Manuscript structure: Agriculture expects a defined section set: Abstract, Keywords, Introduction, Materials and Methods, Results, Discussion, Conclusions, plus the declarations block. The abstract follows an IMRAD structure and runs to about 200 words, and it is the first thing the pre-check editor reads, so the agricultural outcome, the design, and the main result all need to be visible there, along with a clear signal of which section the work belongs to. Provide 3 to 10 keywords, and choose keywords that reinforce the section rather than blur it.
Reporting and methods readiness: Provide full experimental detail so the work can be reproduced.

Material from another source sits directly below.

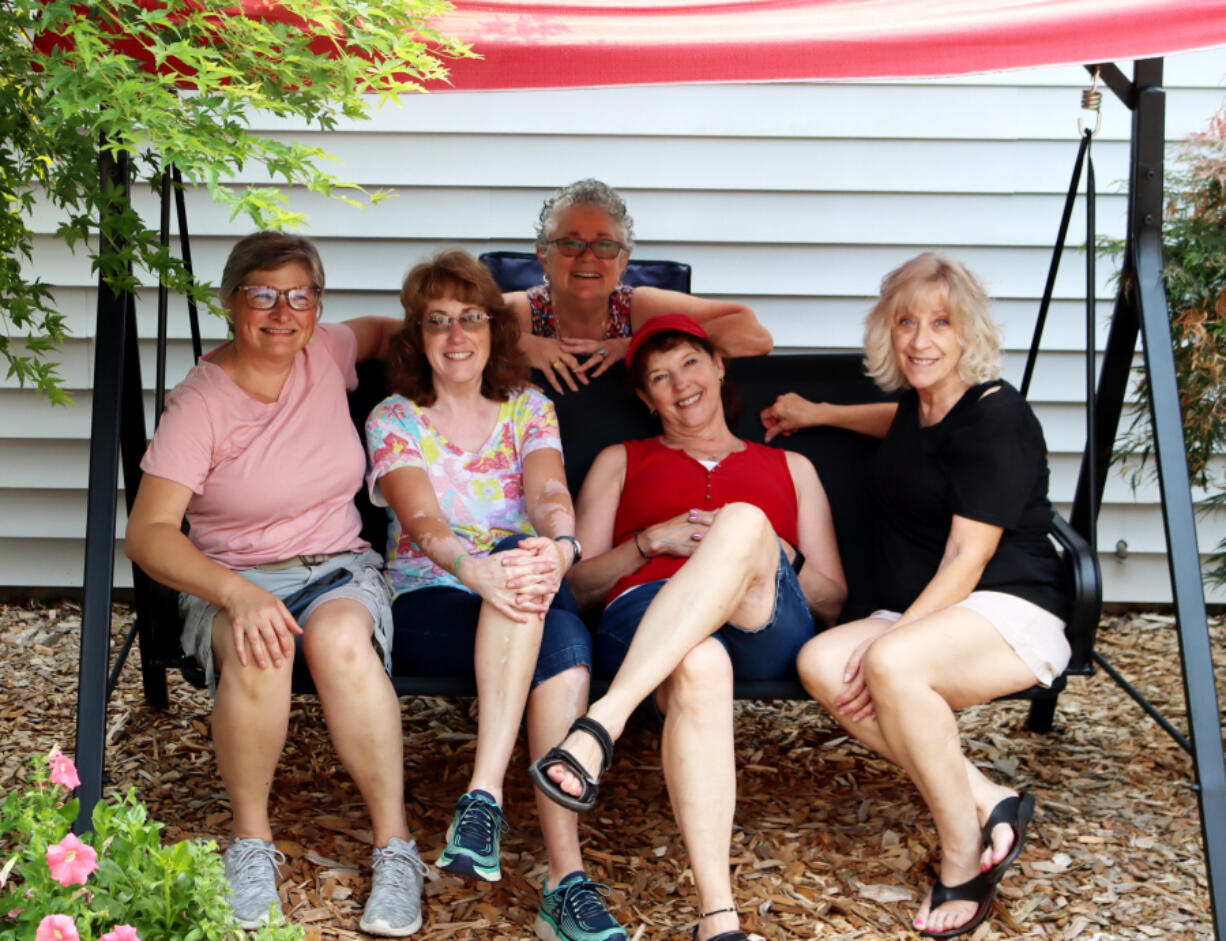 Minnehaha: Furry Friends auction committee members and a bunch of cute kittens were all pleased with the results of this year's online auction fundraiser.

For field and pot trials, that means site description, soil type, climate or growing conditions, plot layout, replication, treatments, the exact statistical model, and the software used. For livestock work, it means animal numbers, breed, housing, diet composition, the welfare-approval reference, and the analysis model.
For machinery and technology work, it means the test rig, operating conditions, instrumentation, calibration, and the validation design. A study whose Materials and Methods omits the design, the replication, or the analysis model is the most common reviewer-stage friction point. Where a systematic review or meta-analysis is the article type, supply a PRISMA flow diagram and a stated or registered protocol.

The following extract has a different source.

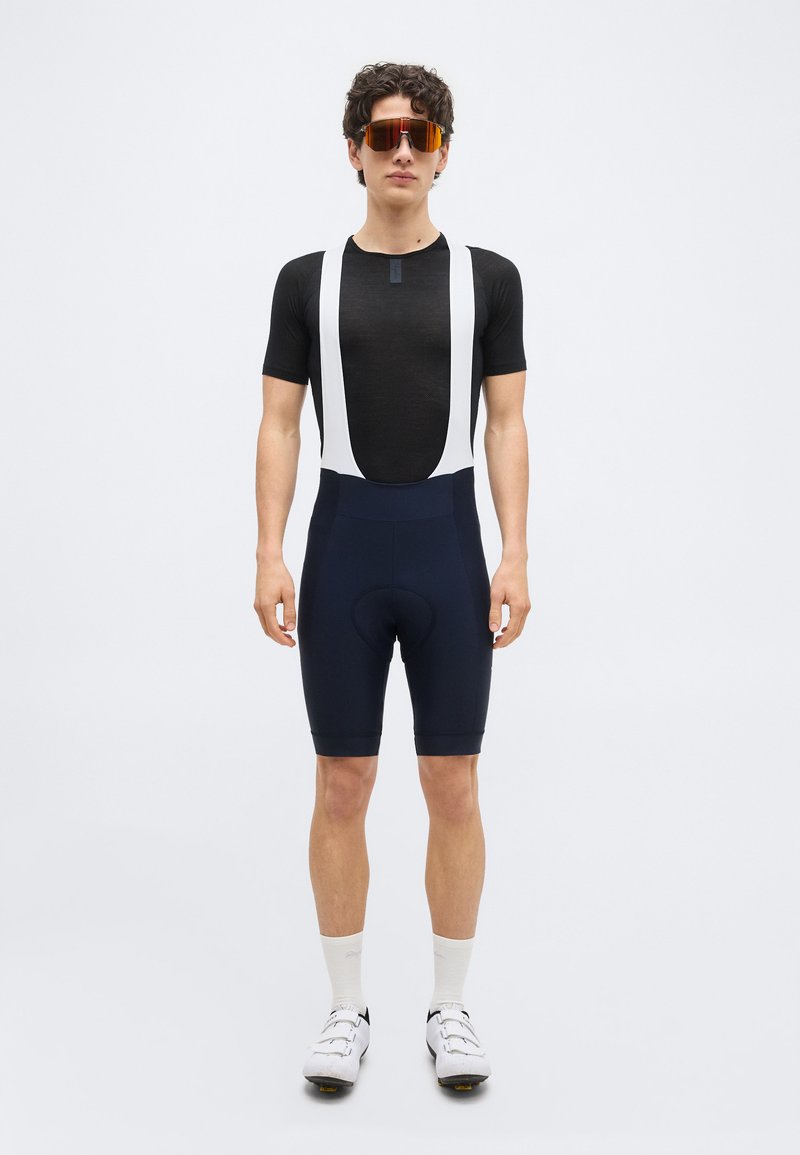 Young man in black cycling bib shorts, short-sleeve black jersey, white socks, white cycling shoes, and orange-tinted sports sunglasses.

Declarations and ethics: Draft the Author Contributions (by initials), Funding, Data Availability, and Conflicts of Interest statements before you upload. Add an Institutional Review Board statement for human-subjects survey or on-farm participatory work, and an animal-ethics or welfare-approval statement for any livestock study. These are not post-acceptance paperwork at MDPI; they are pre-check gates, and in the Farm Animal Production section they are the gate most often left incomplete.
Figures, supplementary, and abstract assets: In Agriculture submissions, the supplementary package usually carries the load that a single in-text figure cannot, and the assets that matter are field- and farm-specific.
For crop and cropping-system trials, that means the trial map showing plot layout and block design, per-site weather and soil-characterization tables, and the full ANOVA or mixed-model output behind every reported mean. For livestock work, it means the pen or herd-level layout, diet-formulation tables, and animal-level data behind group means. For machinery and technology studies, it means the field-test rig schematic, calibration and operating-condition logs, and raw measurement series.
A graphical abstract is optional, but when used it should render the management or performance contrast (treatment versus control, or machine versus baseline, across the tested conditions) rather than a generic crop or farm photo. MDPI's current instructions cap the total uploaded file package at 120 MB, so multi-environment or multi-herd datasets should usually be split into one supplementary file per season, site, or animal group.
Keeping more than eight in-text figures is usually a sign the farm-level story needs tightening, not that the data are richer.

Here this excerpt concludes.